### WHAT THE EXERCISE ASKS:
Whenever an image turns up, omit it and return the remaining data exactly.

### MATERIAL PROVIDED:
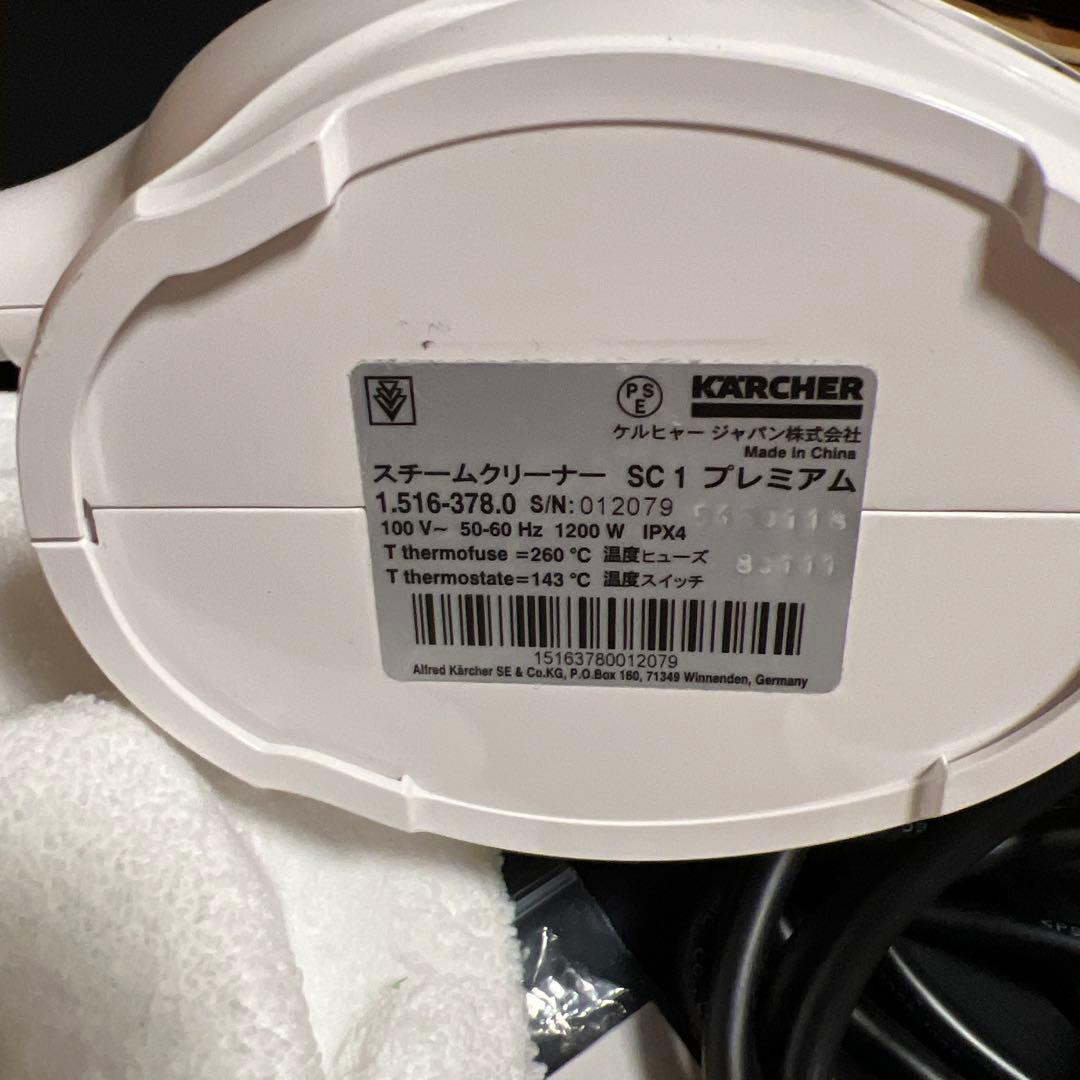 Kärcher SC 1 EasyFix スチームクリーナー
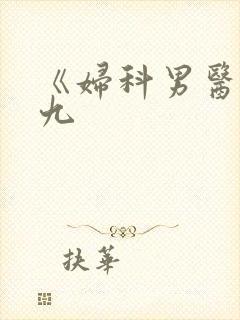 《妇科男医》萧九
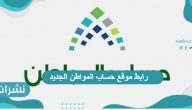 رابط موقع حساب المواطن الجديد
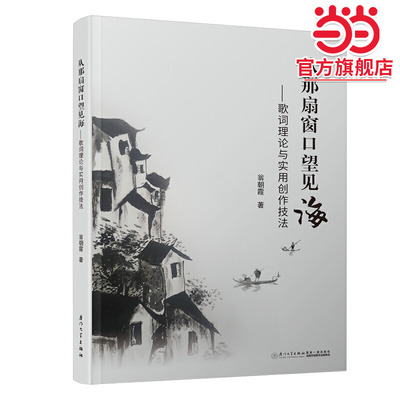 从那扇窗口望见海——歌词理论与实用创作技法【一本快速了解歌词文体及创作技法的工具书】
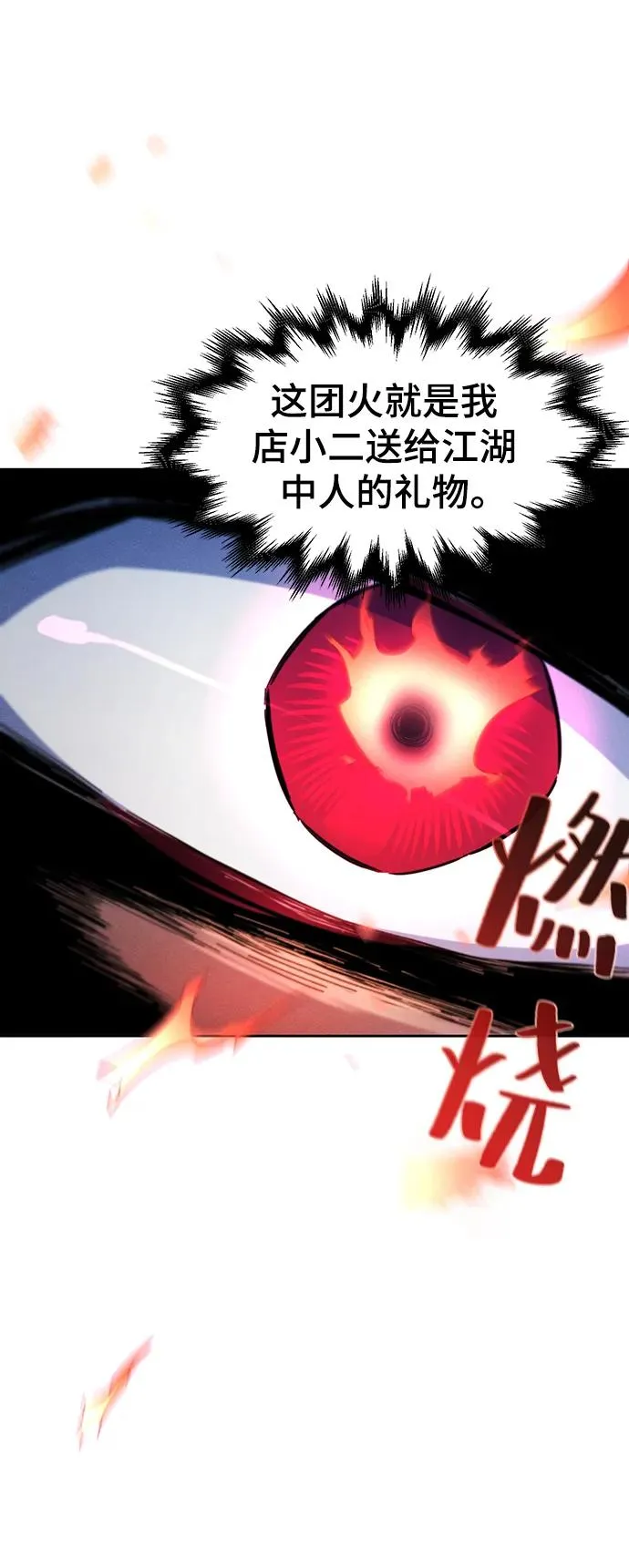 第60话10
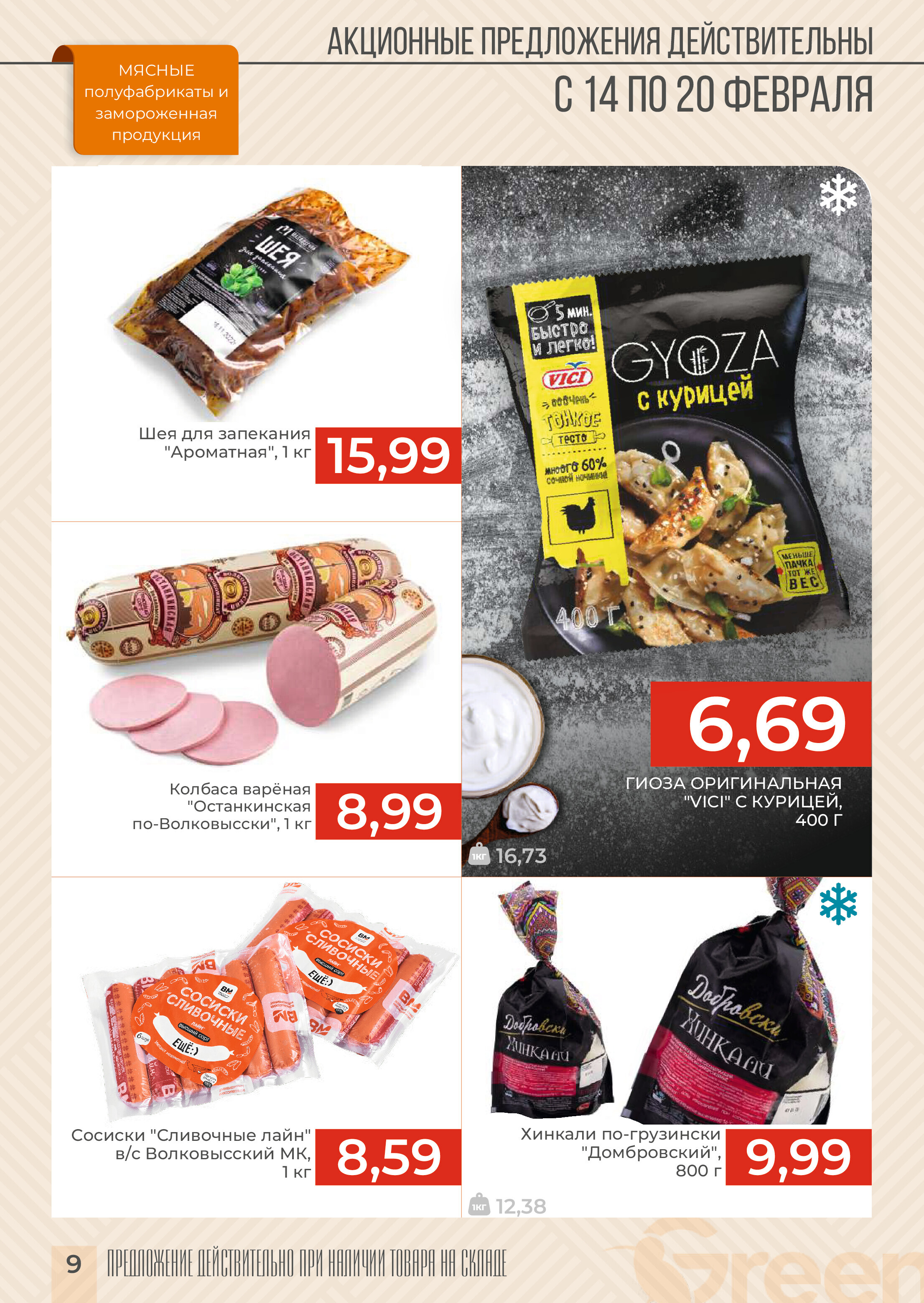 Акция "Закупайся Впрок" в магазинах Green в феврале 2024 года (с 14 по 20 февраля)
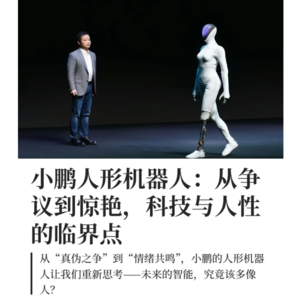 小鹏机器人:从质疑到惊艳的新拐点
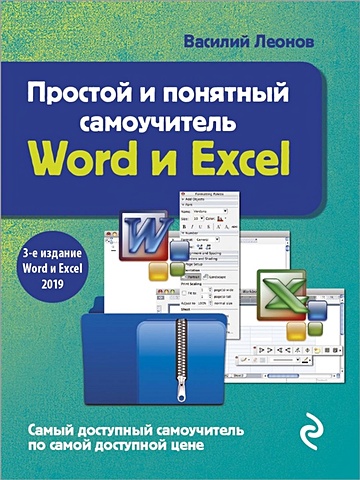 Леонов Василий Простой и понятный самоучитель Word и Excel. 3-е издание леонов василий функции excel 2010
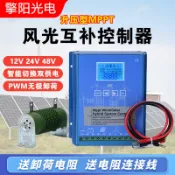 艾特斯良品 {新品上市}mppt智能升壓充光伏電風力發電機控制器12/24/48V風光互補控制器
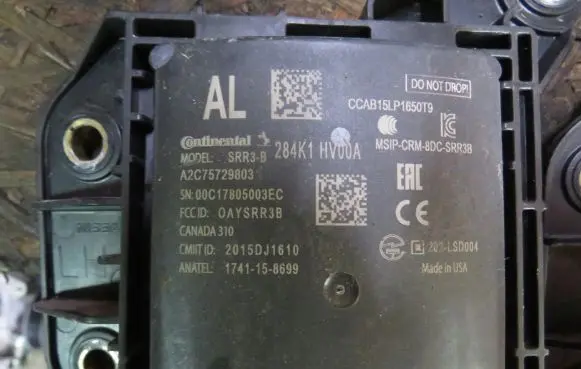 Nissan Qashqai Blind spot module 284K1HV00A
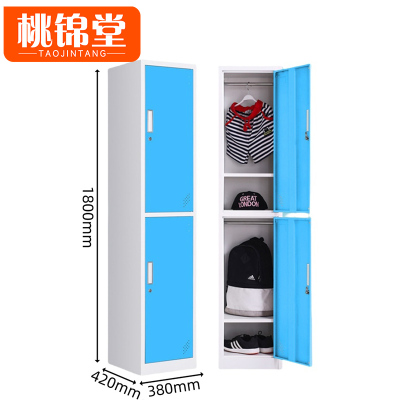 桃锦堂 更衣柜2门 台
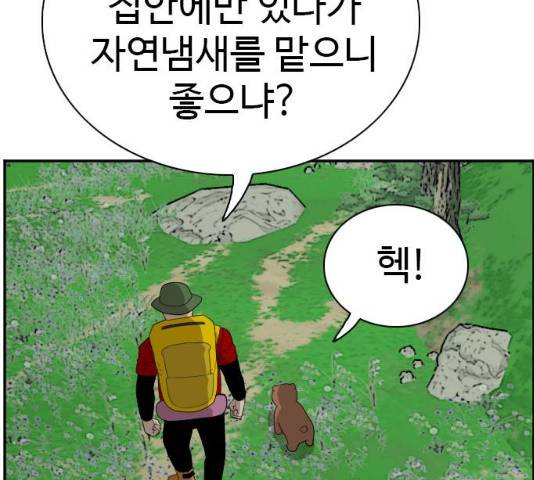 나쁜사람 68화 36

### WRITTEN RESPONSE:
 Kärcher SC 1 EasyFix スチームクリーナー
 《妇科男医》萧九
 رابط موقع حساب المواطن الجديد
 从那扇窗口望见海——歌词理论与实用创作技法【一本快速了解歌词文体及创作技法的工具书】
 第60话10
 Акция "Закупайся Впрок" в магазинах Green в феврале 2024 года (с 14 по 20 февраля)
 小鹏机器人:从质疑到惊艳的新拐点
 Леонов Василий Простой и понятный самоучитель Word и Excel. 3-е издание леонов василий функции excel 2010
 艾特斯良品 {新品上市}mppt智能升壓充光伏電風力發電機控制器12/24/48V風光互補控制器
 Nissan Qashqai Blind spot module 284K1HV00A
 桃锦堂 更衣柜2门 台
 나쁜사람 68화 36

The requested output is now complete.